Wenn ich also alle Möglichkeiten durchgegangen wäre, hätte ich in jeder Zeile die Angaben "Verschnitt" und "Rest für weitere Kanthölzer". 
Ziel ist ja den Gesamtverschnitt zu minimieren. 
Und hier hänge ich gerade gedanklich. 

Der Ansatz den ich hier habe wäre, dass ich mir die erste Kombination wähle, die den minimalsten Verschnitt hat und dann mit den restlichen Stücken das gleiche Spiel von vorne beginne. 
Das Vorgehen ist mir aber noch irgendwie zu zufällig. Vielleicht wähle ich dann als erstes eine Kombination, durch die ich Stücke wegnehme, die später in einer anderen Kombination den Verschnitt weiter verringern würden.

Puh, war das jetzt verständlich genug ausgedrückt? 

Ich hätte also die Bitte an die Freunde des gepflegten Algorithmus ihre Ideen hier einzubringen.

Schönen Gruß
oetzi


----------



## Kaibear (20. Dez 2013)

Ayayay, da hast du dir eine (zugegeben sehr interessante) Aufgabe gestellt.

Ich hab ein wenig recherchiert und das Eindimensionale Zuschnittproblem ist anscheinend mal ne heiße Sache gewesen, wo sich ne Menge kluger Köpfe drangesetzt hat. 

Ich hoffe der folgende Link hilft dir bei dem Problem weiter, ich hab noch nicht zuende gelesen.
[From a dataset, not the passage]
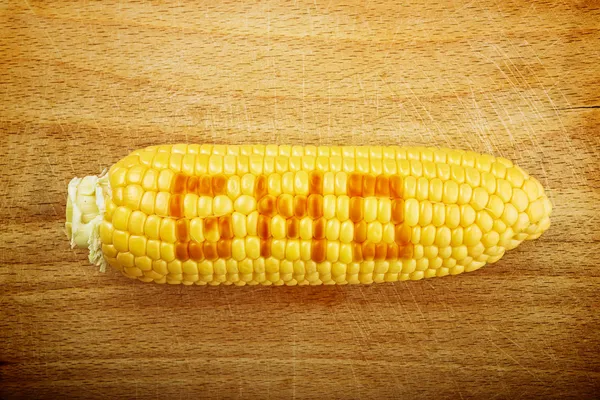 Maíz transgénico mazorca de maíz sobre fondo de madera — Foto de Stock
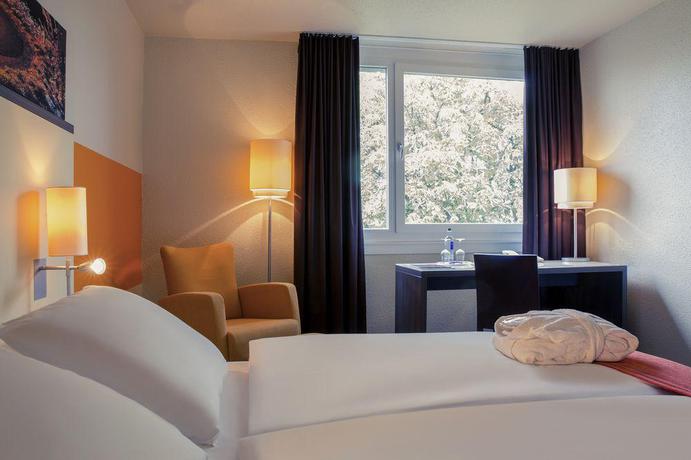 Imagen de la habitación del Hotel Koln West. Foto 4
Eindimensionales Zuschnittproblem ? Wikipedia


----------



## kay73 (20. Dez 2013)

Ich kann nur eine naive Implementierung anbieten:

Für den Fall, dass im Baumarkt alle Kanthölzer dieselbe Länge haben: 

- Bilde alle Permutationen der Menge der Schnitte, die nacheinander ausgeführt werden können. Für Deine Holzstückliste könnte diese so anfangen: 
100, 100, 40, 25, 25
40, 100, 100,25, 25
100, 40, 100,25, 25
...

Da die Liste immer 5 Elemente hat, gibt es 5! = 120 Einträge. Etliche sind Duplikate, da 100 und 25 mehrfach vorkommen. Aber das ist erstmal egal. 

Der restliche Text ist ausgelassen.